一歳で二語文を話せるようになった天才くんは、いずれこの国をしょって立つ素晴らしい王になってくれるだろう。
ジュリアスのお母様──ジョゼフィーヌ様にもそっくりなので、前国王陛下なんて、お前は誰だ? と問いかけたくなるほど、イリスを溺愛している。

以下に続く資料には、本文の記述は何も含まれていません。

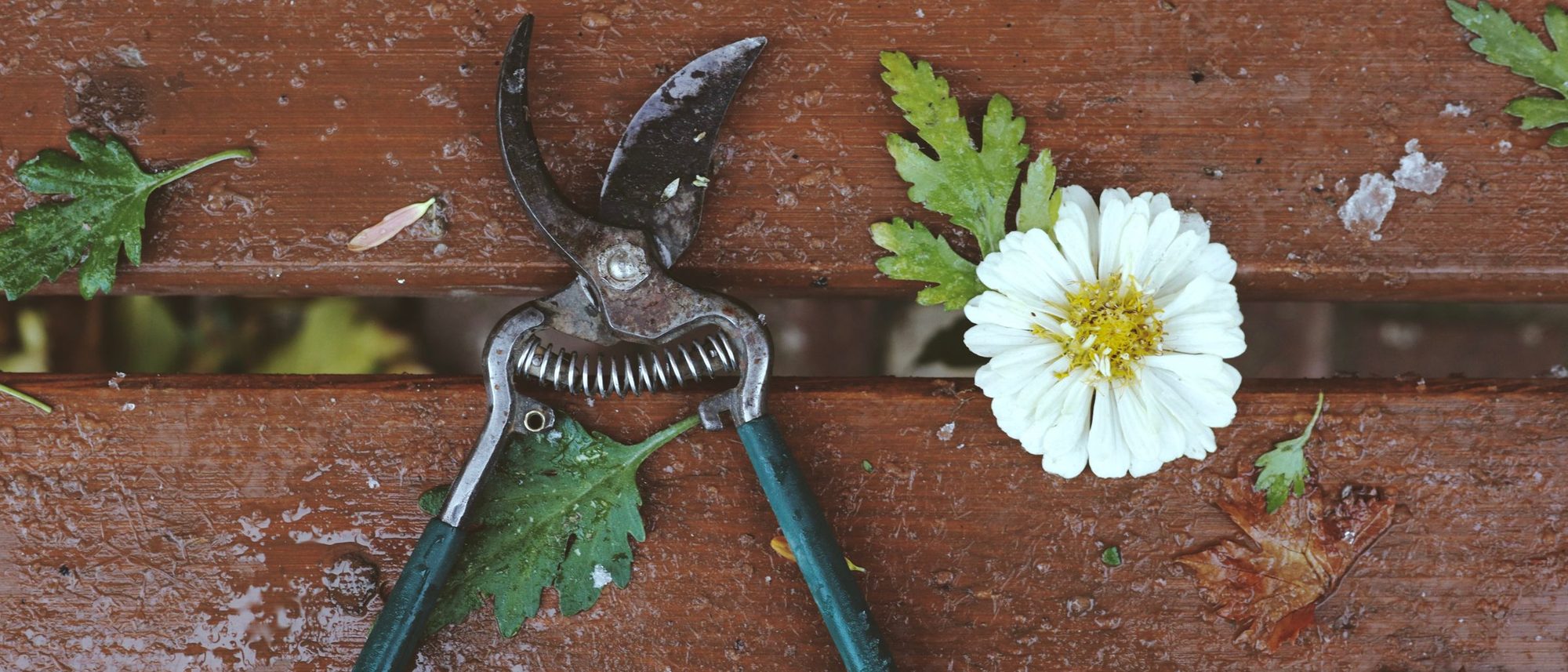 A pair of garden pruners beside a white zinnia and cut leaves on a wooden bench.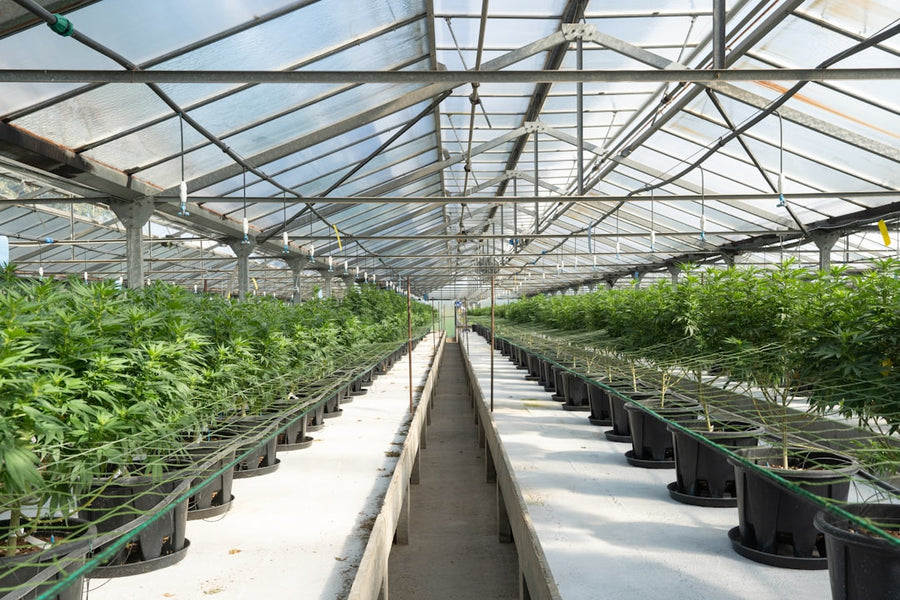 Thai University Cracks Rooftop Code for Cannabis Yields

今回も、全く目立たない腹をそっと撫でる俺は、読書をしているイリスの顔を覗き込む。
「その本、面白いか?」
真顔でこくりと頷くイリスは、すでに俺より賢いと思う。
「でも、父様の日記の方が面白いです」
「……ジュリアスの日記?」
「はい」
「それは知らなかった。俺も読んでみたいな」
「…………やめた方がいいと思います」
すっと俺から目を逸らしたイリスは、黙って本を読み始めた。
どんな内容なんだと問い詰めると、俺への重い愛が綴られているらしい。
「まったく。相変わらずだな、ジュリアスは。でも、もう慣れたけど」
「今は確か、三十八冊目……」
「っ……」
「重くて持ち運べないので、父様に朗読してもらっています」
どこからつっこんだら良いのかわからない俺は、軽く目眩がしていた。
ちなみに、一冊が辞書より分厚いらしい。
「最近の日記には、二人目が欲しいってことばかり書いてありました」
「は、はははっ……」
「もう、名前も考えていました。すごく、独特な……」
思わず溜息を吐くと、天使が俺の顔を見上げた。
「僕も、アイリーンみたいなかわいい妹が欲しい……」
「っ、よし。頑張るぞっ! 任せとけ!」
わしゃわしゃと髪を撫でると、イリスが嬉しそうに微笑んだ。
イリスがジュリアスに言わされていることを知らない俺は、今この瞬間に、ひたすら妊娠し続ける未来が確定した。
「そういえば、ラインハルトはどこだ?」
「猫と遊んでいます」
「……またか」
探しにいくかと、イリスと手を繋ぐ俺は、ゆっくりと立ち上がった。
三歳になるラインハルトは、俺とランドルフ様との子どもだ。
一時期、俺たちが猫ごっこばかりしていたもんだから、二人の子がもしかしたら猫かもしれないと、変態ラルにゃんは、本気で心配していた。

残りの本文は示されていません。